Evaluating $\int_{0}^{\infty}(\ln \tan^2 bx)/(a^2+x^2)\ dx$ Some time ago I came across one of the integrals, which still goes over my mind:  
$$\int_{0}^{\infty}\frac{\ln \tan^2(bx)}{a^2+x^2}dx$$ a and b are parameters.  
I would be interested in possible solutions with complex analysis and  without it as well.
 A: If one can prove that the given integral converges, it's not hard to compute its value. Let's assume from now that the integral does converge.
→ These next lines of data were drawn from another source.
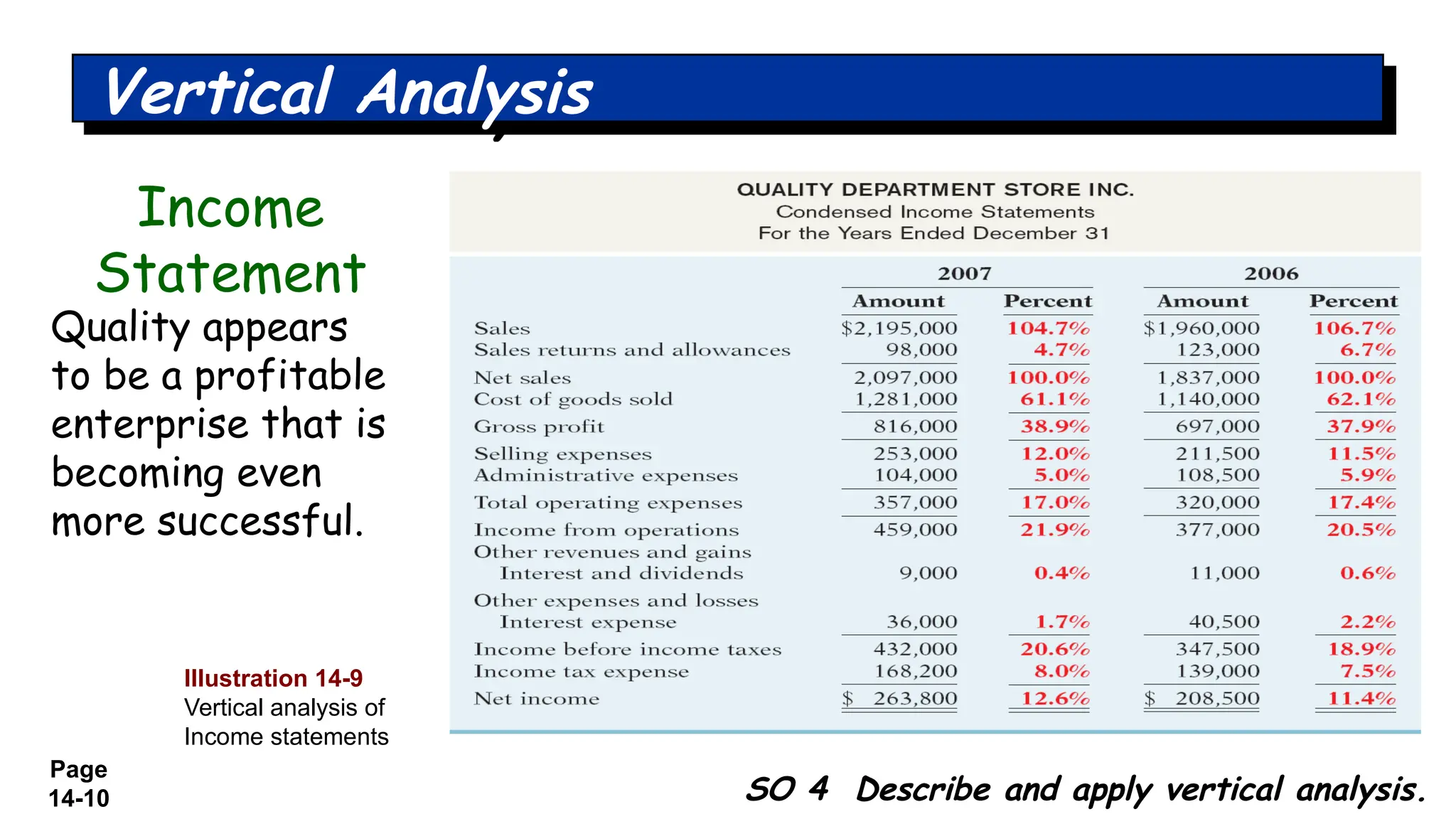 Page
14-10
Quality appears
to be a profitable
enterprise that is
becoming even
more successful.
Income
Statement
Illustration 14-9
Vertical analysis of
Income statements
SO 4 Describe and apply vertical analysis.
Vertical Analysis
Since $\tan^2(-bx)=\tan^2(bx)$ and $(-a)^2=a^2$, there is no loss of generality in assuming that $a,b>0$. Then
$$
I(a,b)=\int_0^\infty\frac{\ln\tan^2(bx)}{a^2+x^2}dx=2b\int_0^\infty\frac{\ln|\tan x|}{a^2b^2+x^2}dx=b\int_\mathbb{R}\frac{\ln|\tan x|}{a^2b^2+x^2}dx.
$$
Consider the function 
$$
f: \mathbb{C} \to \mathbb{C},\ f(z)=b\frac{\ln|\tan z|}{a^2b^2+z^2}.
$$
Given $n \in \mathbb{N}$, with $0<1/n<ab<n$, we denote by $\Delta_n$ the bounded region of $\mathbb{C}$ whose boundary consists of the segment 
$$
L_n=\{ x-\frac{i}{n}:\ |x|\le n\pi\}
$$ 
and the upper half circle 
$$
\Gamma_n=\{\gamma_n(t)=-\frac{i}{n}+(n+\frac{1}{8})\pi e^{it}: \ 0 \le t \le \pi\}.
$$
The set of poles of $f$ that lie inside $\Delta_n$, 
is $P=\{iab, k\pi/2:\ |k|\le 2n\}$.
For every $k$ with $|k|\le 2n$, $z_k=k\pi/2$ is a pole of order 2 with
$$
\text{Res}(f,z_k)=\lim_{z \to 0}\frac{d}{dz}(z^2f(z+z_k))=0,
$$ 
and since 
$$
\text{Res}(f,iab)=\frac{1}{2ia}\ln\tanh(ab),
$$
we have
$$
\int_{\Delta_n}f(z)dz=i2\pi\text{Res}(f,iab)=\frac{\pi}{a}\ln\tanh(ab).
$$
Hence
$$
\int_{L_n}f(z)dz=\frac{\pi}{a}\ln\tanh(ab)-J_n
$$
with
$$
J_n:=\frac{\pi}{a}\ln\tanh(ab)-in\pi\int_0^\pi e^{it}f((n+\frac{1}{8})\pi e^{it}-\frac{i}{n})dt.
$$
Notice that
\begin{eqnarray}
|J_n|&\le&(n+\frac{1}{8})\pi\int_0^\pi|f((n+\frac{1}{8})\pi e^{it}-\frac{i}{n})|dt\cr 
&\le& \frac{(n+\frac{1}{8})\pi}{((n+\frac{1}{8})\pi-\frac{1}{n})^2-a^2b^2}\int_0^\pi|\ln|\tan((n+\frac{1}{8})\pi e^{it}-\frac{i}{n})||dt\cr
&=&\frac{(n+\frac{1}{8})\pi}{((n+\frac{1}{8})\pi-1/n)^2-a^2b^2}\int_0^\pi\left|\ln\left|\frac{\exp(i(2n+\frac{1}{4})\pi e^{it}+\frac{2}{n})-1}{\exp(i(2n+\frac{1}{4})\pi e^{it}+\frac{2}{n})+1}\right|\right|dt\cr
&\le&\frac{(n+\frac{1}{8})\pi}{((n+\frac{1}{8})\pi-\frac{1}{n})^2-a^2b^2}A_n,
\end{eqnarray}
with
$$
A_n=\int_0^\pi |\ln|e^{i(2n+\frac{1}{4})\pi\cos t}e^{\frac{2}{n}-(2n+\frac{1}{4})\pi\sin t}-1|+|\ln|e^{i(2n+\frac{1}{4})\pi\cos t}e^{-(2n+\frac{1}{4})\pi\sin t+\frac{2}{n}}+1||dt.
$$
$A_n$ is clearly bounded, so we conclude that $J_n \to 0$ as $n \to \infty$, and 
$$
I(a,b)=\lim_{n \to \infty}\int_{L_n}f(z)dz=\frac{\pi}{a}\ln\tanh(ab).
$$